The CAT concluded that Mr. Hackman was indeed making unreasonable noise (in contravention of the corporation’s governing documents and also in contravention of a previous settlement agreement). The Tribunal ordered Mr. Hackman to avoid creating unreasonable noise.

But again, the CAT was also required to deal with Mr. Hackman’s complaints about noise from others. In particular, he complained about three types of noise:

  • noise from his neighbours’ normal activities of living;
  • “stomping” or loud walking in the unit above his;
  • the sound of doors closing.

Mr. Hackman asserted that there was “little or no sound insulation and that as a result, normal sounds that would not usually be heard in a neighbouring unit are experienced as very loud”.

The Tribunal said:

I conclude that TSCC 1978 has an obligation to investigate Mr. Hackman’s complaints of noise to determine if the noises are unreasonable, or an annoyance, nuisance or disruption and, if so, what, if any, abatement measures may be appropriate. After that, the issue of who may be responsible for any abatement measures that may be necessary can be considered.

I therefore order TSCC 1978 to conduct an investigation and pay for any costs involved in the investigation to determine the nature and source of noises that may be coming into Mr.

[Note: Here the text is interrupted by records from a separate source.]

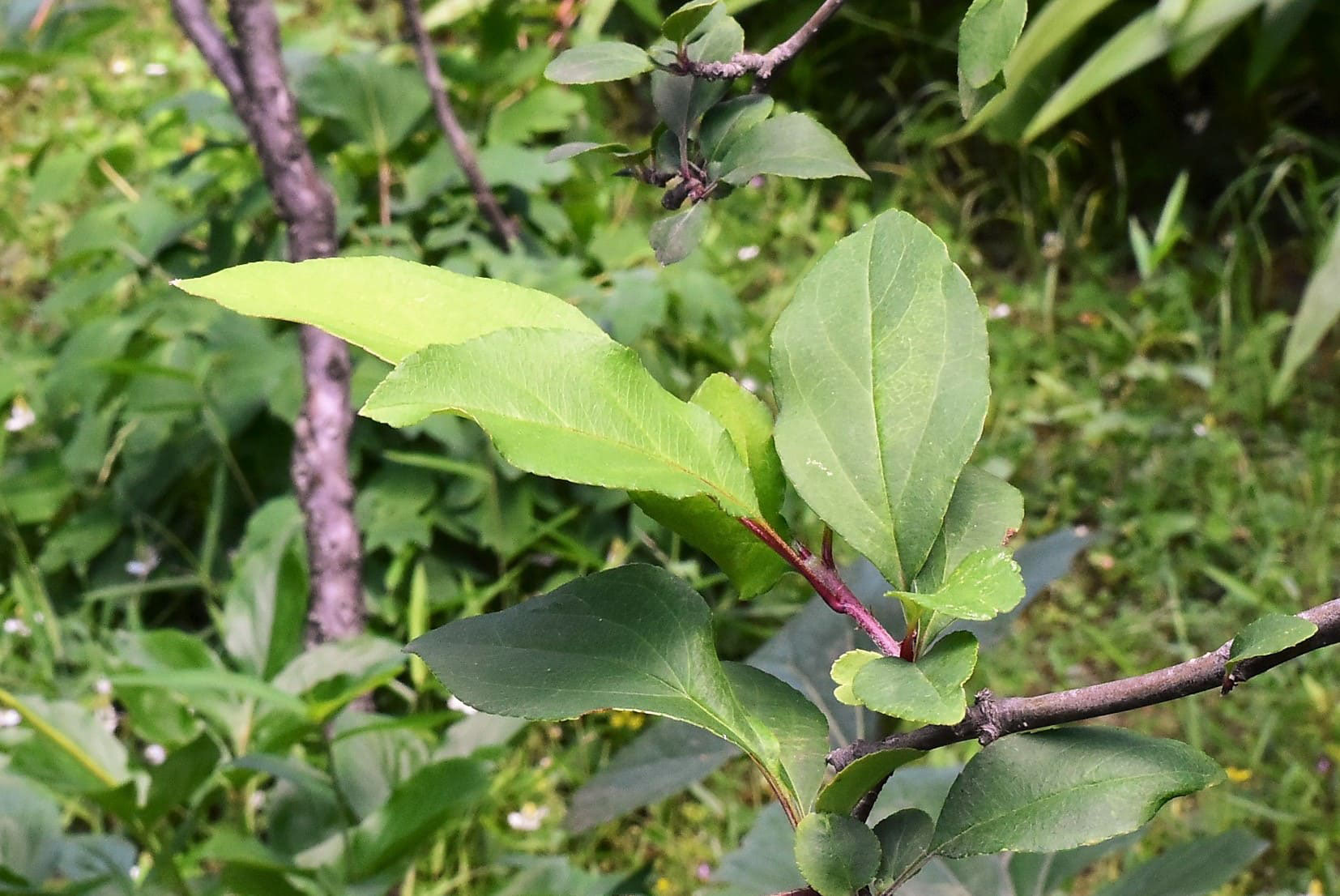 ハナカイドウ 花海棠 庭木図鑑 植木ペディア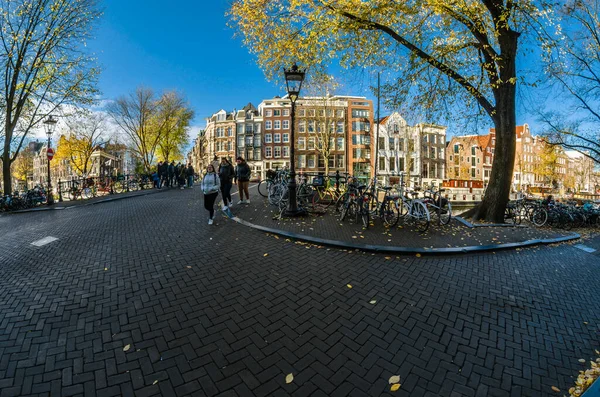 Amsterdam Hollandia November 2018 Urban Scene Amsterdam Hollandia Halszemre Néző — Stock Fotó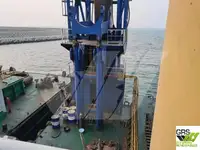 เรือขุด สำหรับขาย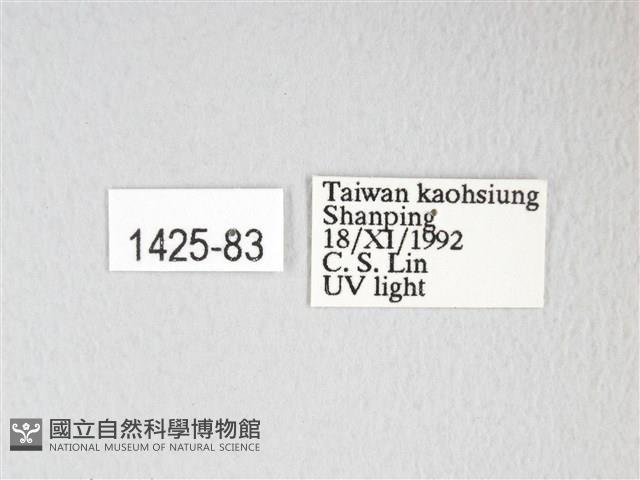 黃豹天蠶蛾藏品圖，第3張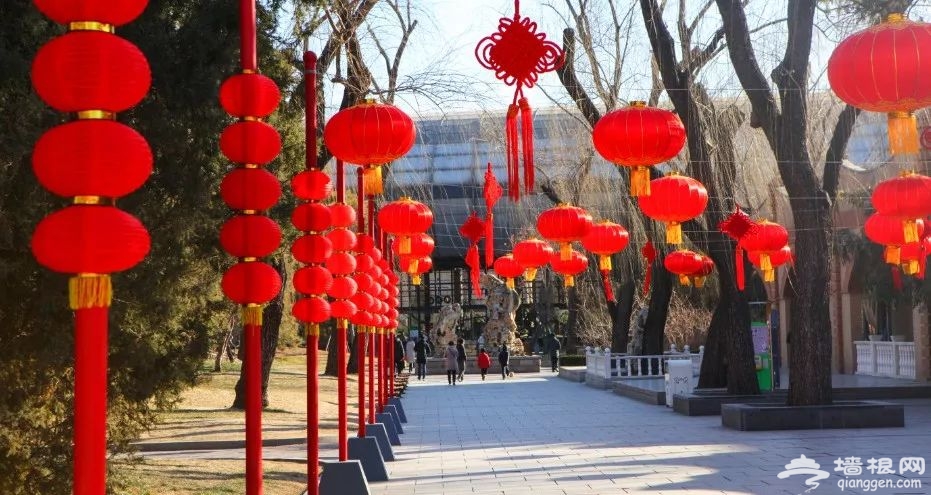 2019北京动物园猪年生肖文化活动时间、内容、门票价格[墙根网]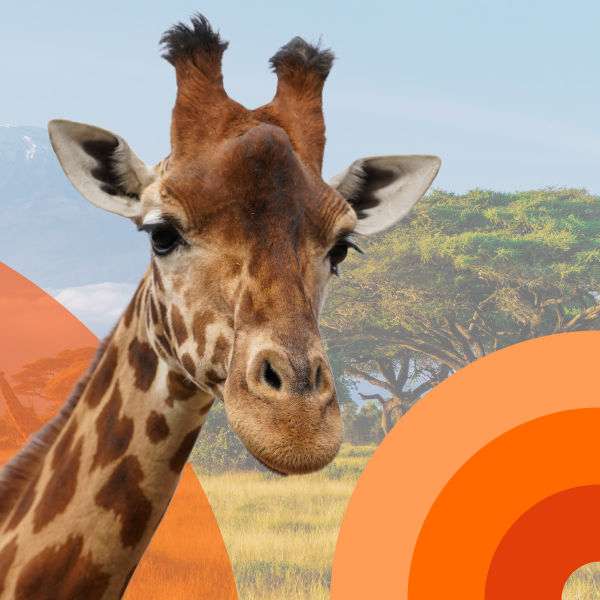 safari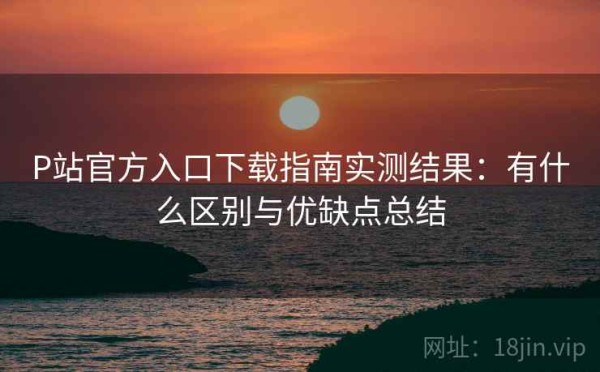 P站官方入口下载指南实测结果：有什么区别与优缺点总结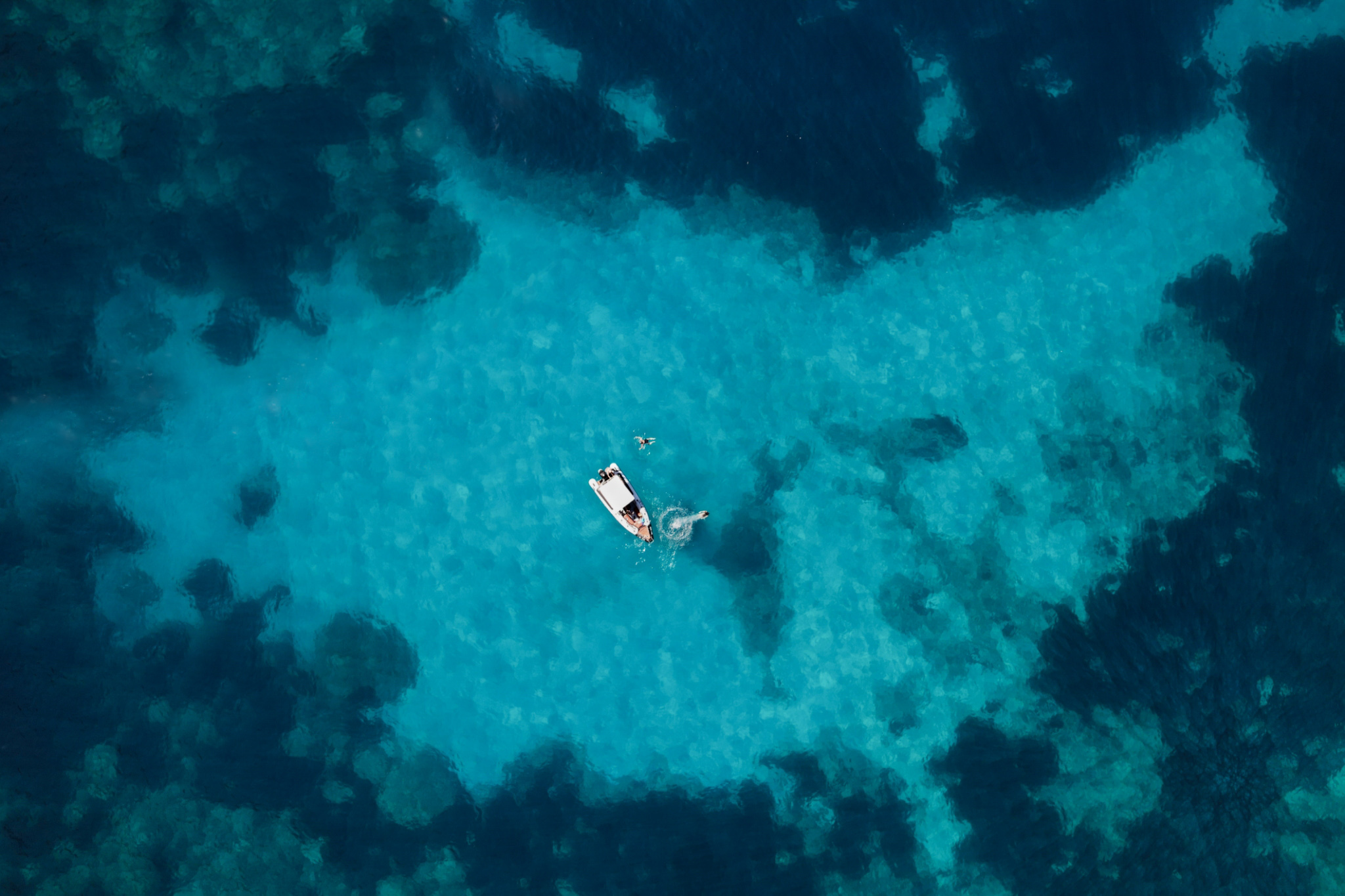 A dive into the blue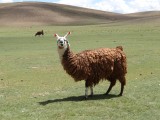 lama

Hackman’s unit, if they are unreasonable, and what could be done to abate the noise if it is determined to be unreasonable. The investigation should include noise coming from the floor of the unit above Mr. Hackman’s unit. The board shall ensure that Mr. Hackman has notice of the investigation so that he can be present if he wants to be. The board shall share the part of any report that pertains to Mr. Hackman’s unit with Mr. Hackman.

A duty to investigate will of course depend upon the particular circumstances. In my view this duty flows from a condominium corporation’s obligation to enforce the Condominium Act and the corporation’s governing documents (including obligations in the governing documents to avoid unreasonable noise that disturbs others). In appropriate circumstances, investigation may be necessary in order for the condominium corporation to assess its enforcement obligations.